Problem: Set the pictures aside and write down, exactly as they appear, the lines from the one containing "SOBRADO TREMEMBÉ COM" through the end of the material.

##### Input records

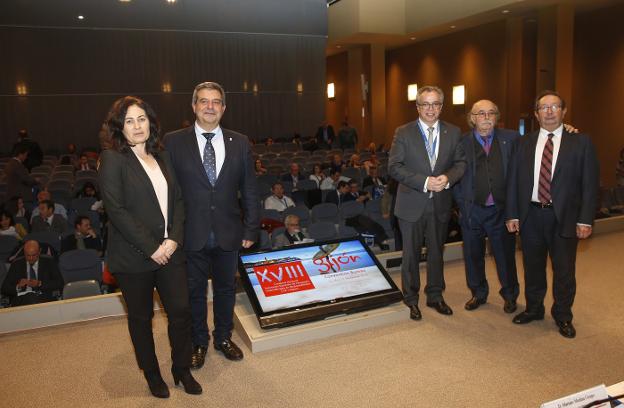 La directora general de Justicia, Encarnación Vicente; el concejal de Seguridad Ciudadana, Esteban Aparicio; el secretario general de la asociación, Javier López; el presidente, Mariano Medina, y el codirector del congreso, José Luis Nava, durante el acto inaugural en el recinto ferial.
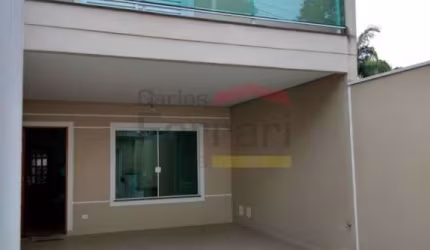 SOBRADO TREMEMBÉ COM SISTEMA DE AQUECIMENTO SOLAR - VILA IRMÃOS ARNONI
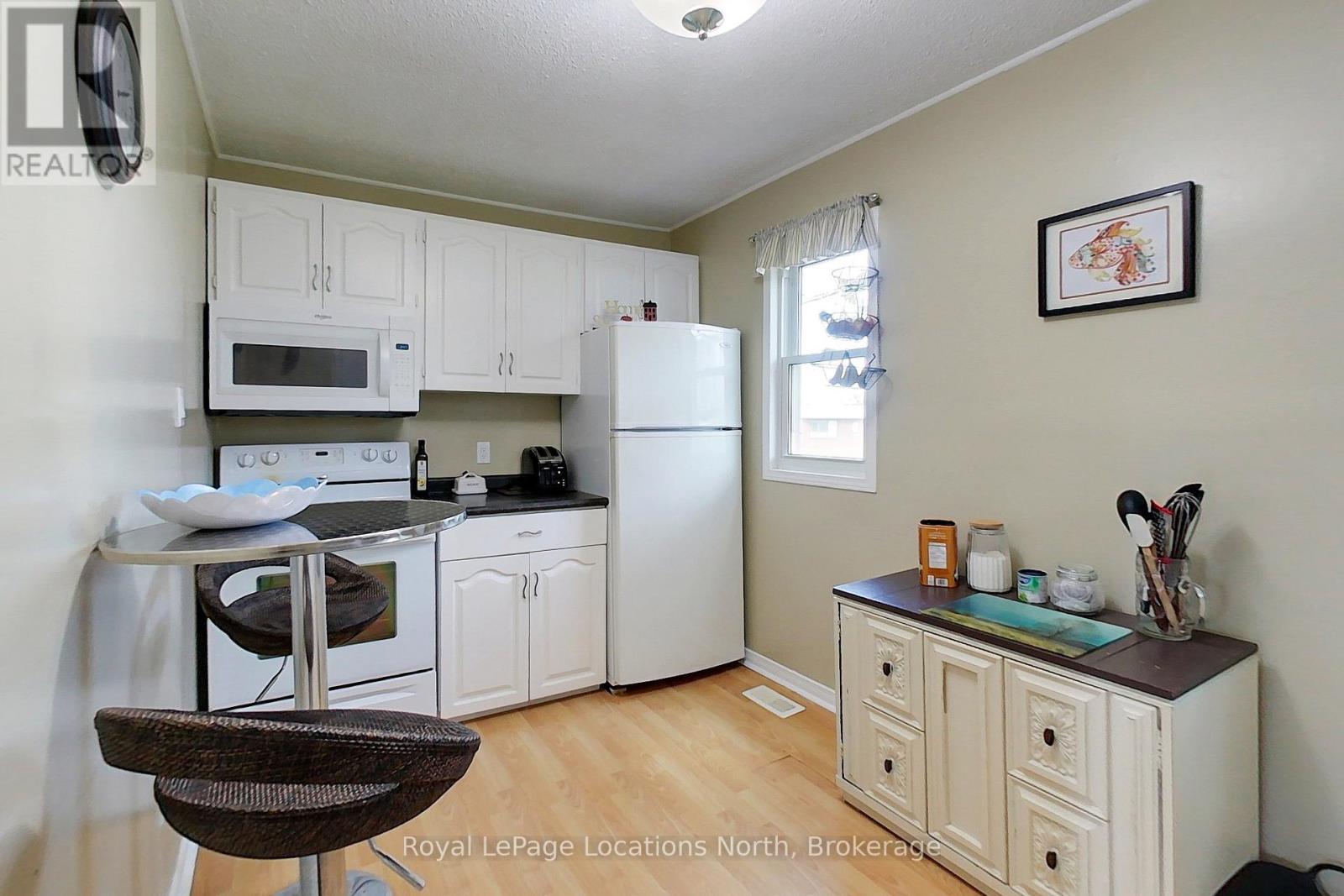 238 TROWBRIDGE STREET W - 47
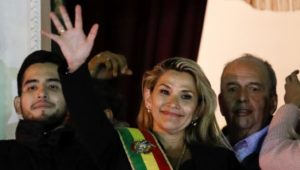 تعيين جانين آنيز رئيسة انتقالية لبوليفيا وموراليس يدين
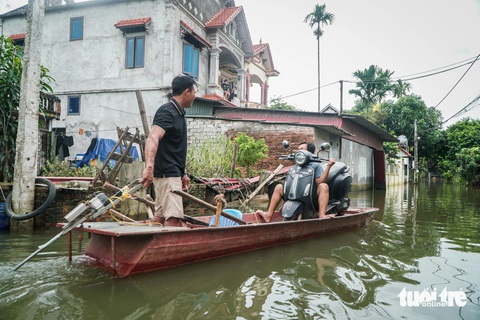 Về rốn lũ Chương Mỹ chứng kiến người Hà Nội ở nhà phao, đi thuyền trên phố- Ảnh 13. Về rốn lũ Chương Mỹ chứng kiến người Hà Nội ở nhà phao, đi thuyền trên phố- Ảnh 13.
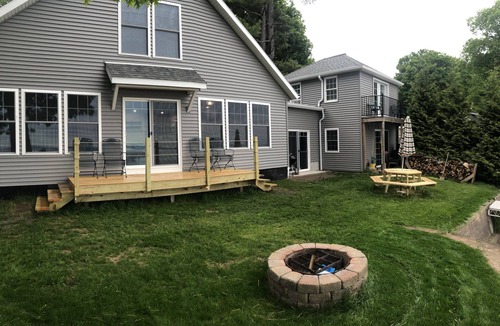 Cleveland House | North Shore Lake House and Bunk House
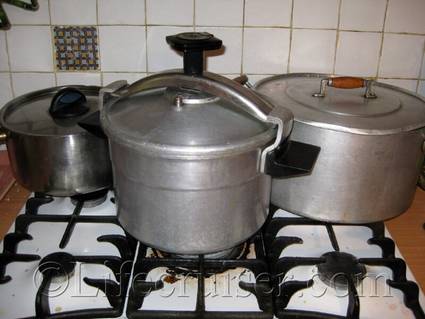 French Pressure cooker, France, Copyright Lifecruiser.com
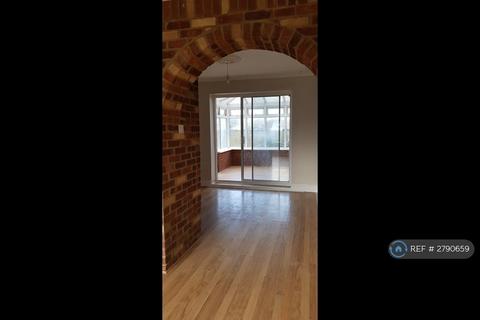 3 bedroom semi-detached house to rent, Upham Road, Wiltshire, SN3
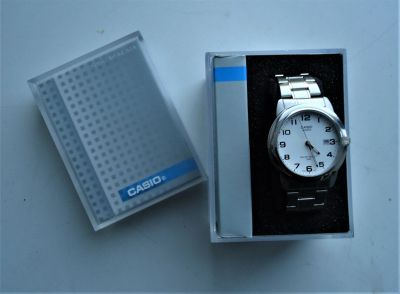 Лот: 12574761. Фото: 1. Часы Casio mtp-1221. Оригинальные наручные часы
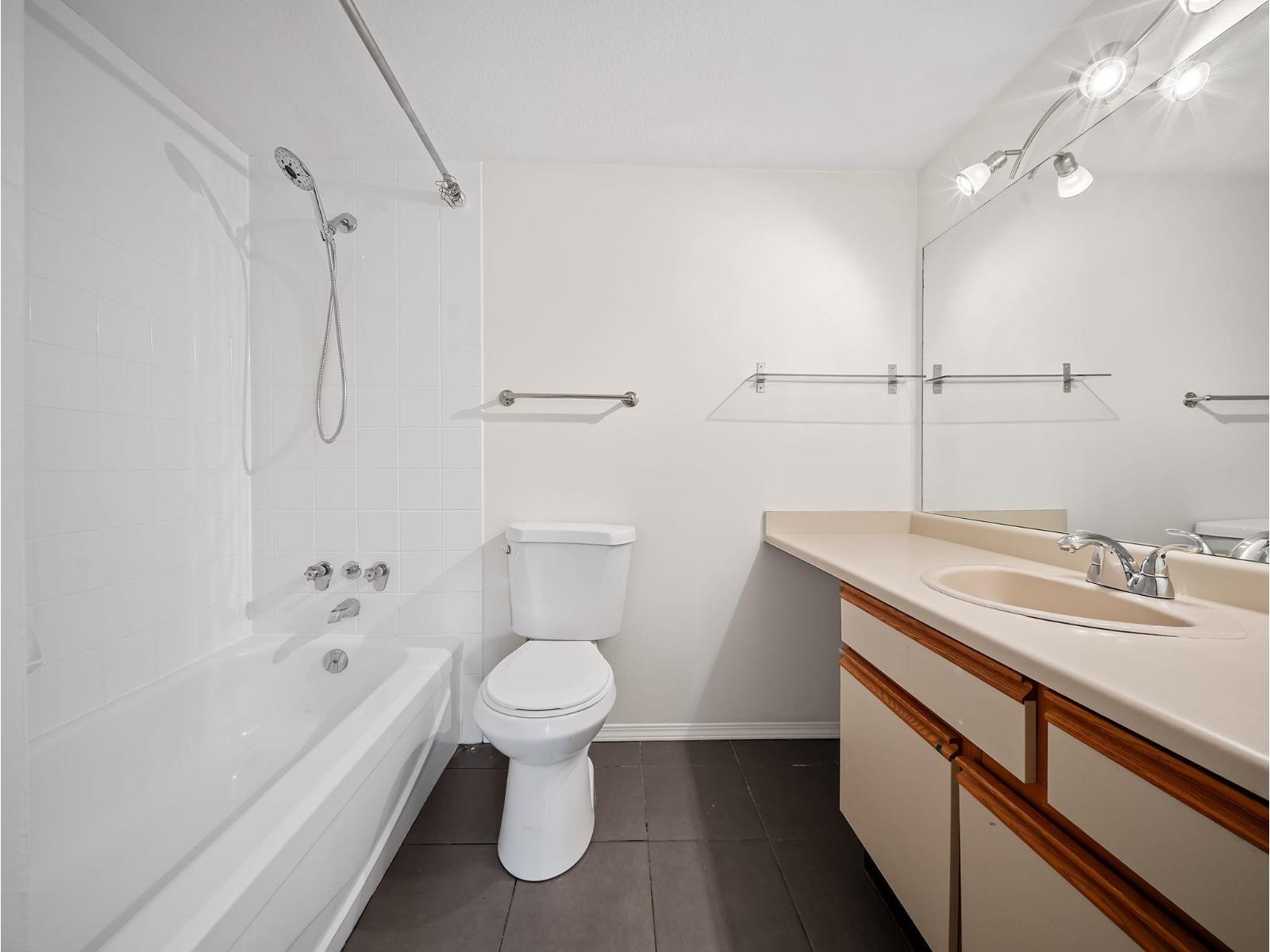 105 1460 MARTIN STREET, White Rock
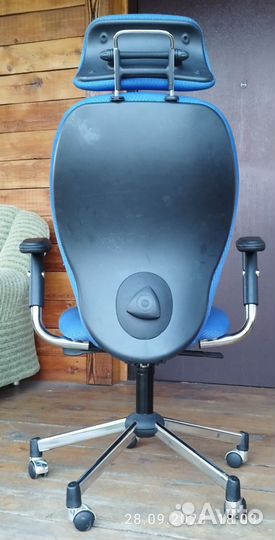 Офисное кресло Бюрократ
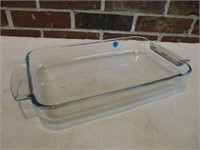 Pyrex Casserole Dish with Large Handles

##########

Answer to this task:
 SOBRADO TREMEMBÉ COM SISTEMA DE AQUECIMENTO SOLAR - VILA IRMÃOS ARNONI
 238 TROWBRIDGE STREET W - 47
 تعيين جانين آنيز رئيسة انتقالية لبوليفيا وموراليس يدين
 Về rốn lũ Chương Mỹ chứng kiến người Hà Nội ở nhà phao, đi thuyền trên phố- Ảnh 13. Về rốn lũ Chương Mỹ chứng kiến người Hà Nội ở nhà phao, đi thuyền trên phố- Ảnh 13.
 Cleveland House | North Shore Lake House and Bunk House
 French Pressure cooker, France, Copyright Lifecruiser.com
 3 bedroom semi-detached house to rent, Upham Road, Wiltshire, SN3
 Лот: 12574761. Фото: 1. Часы Casio mtp-1221. Оригинальные наручные часы
 105 1460 MARTIN STREET, White Rock
 Офисное кресло Бюрократ
 Pyrex Casserole Dish with Large Handles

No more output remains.